People were impressed when IBM’s Watson question-and-answer computer beat the two former champions at the Jeopardy! TV quiz show. Now they’re asking: what else can it do?
The company’s researchers and business leaders have been busy searching commercial uses for the technology, and they’re making progress. David Ferrucci, the IBM Fellow who heads up the Watson project, today told a group of journalists and analysts at a briefing on Big Data at IBM Research that the healthcare field is especially promising. IBM is developing applications in collaboration with physicians and researchers at Columbia University and the University of Maryland. Meanwhile, it took one researcher just three months to adapt the Watson Jeopardy! database to the medical field. Presumably, adaptations to other domains will be relatively easy, as well.
But a big issue is affordability. Watson is “embarrassingly parallel,” in computer science parlance—meaning the machine uses thousands of high-performance microprocessors. Embarrassing parallelism is expensive.
During a break form the briefing, I asked Ferrucci and other IBM colleagues about the affordability issue. Ferrucci’s response was that the cost of computing is dropping rapidly, and that the more industries Watson can serve and the more applications that are running on the platform, the more affordable it will be for each individual client.
Rod Smith, another IBM Fellow who heads up the Emerging Internet Technologies group at IBM Research, told me that another key will be the simplicity of the user interface.

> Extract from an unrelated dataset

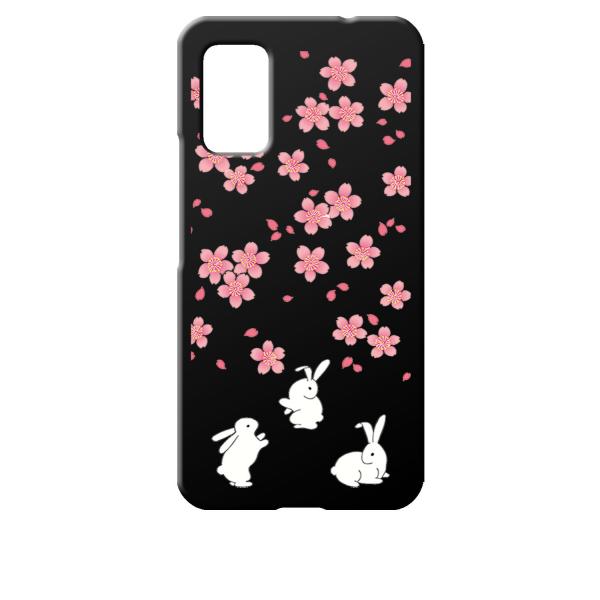 Rakuten BIG s yVrbOGX ubN n[hP[X t092  ETM a a 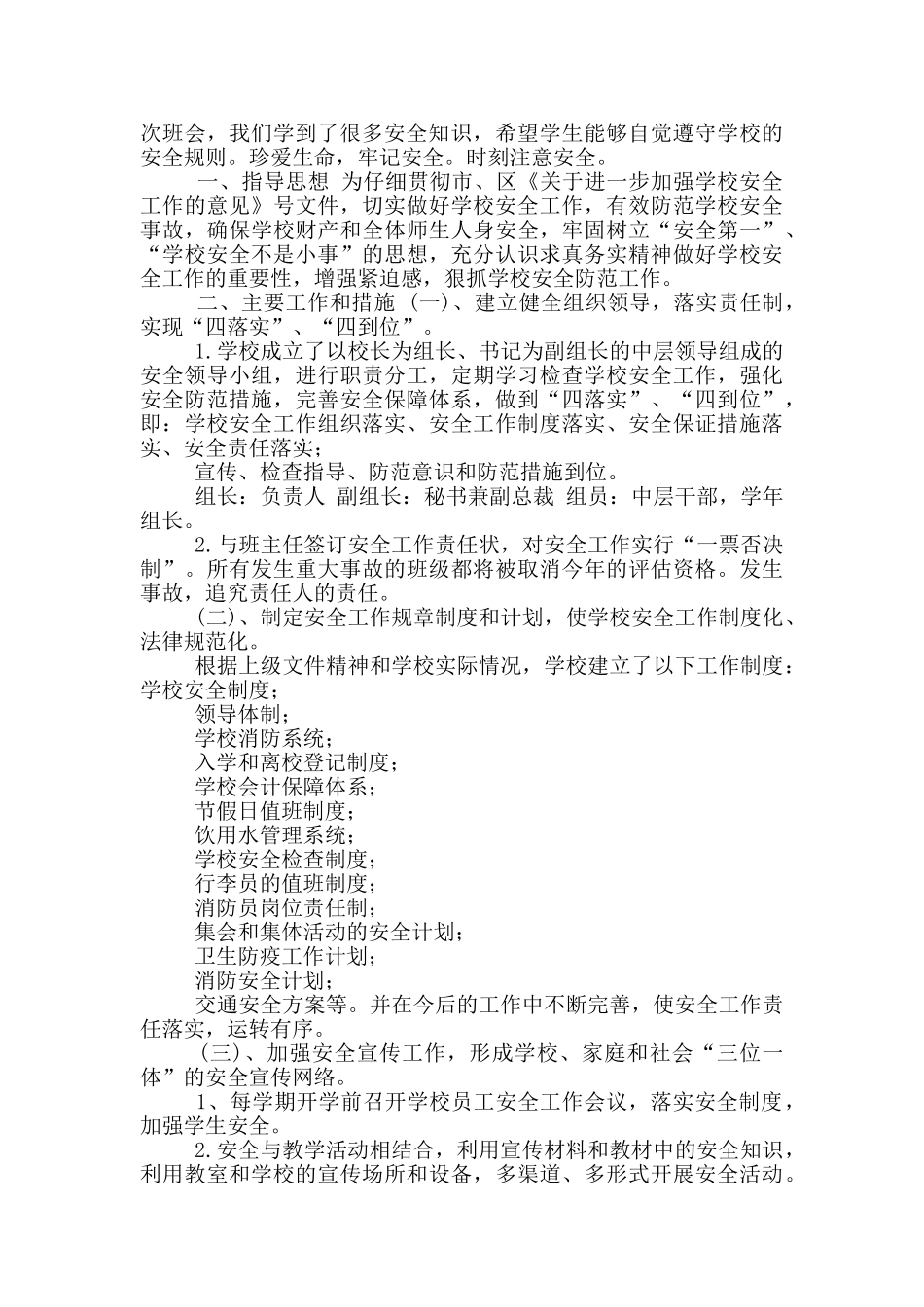 2024年安全知识融入校园计划_第2页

If IBM can develop user-friendly interfaces, clients will get rapid adoption of the technology and rapid returns on their investments. So, even if the service is relatively expensive, it will be worth the price.
Another key to affordability will be setting up Watson services for specific industries as shared services offered from the computing cloud. That way, many clients can use the same application and the same computing resources, making the services highly efficient.
It has been just three months since the Jeopardy! contest, but, already, it’s clear that the Watson machine has a life after Jeopardy! In the months ahead we’ll find out whether it can play a major role in making the world work better.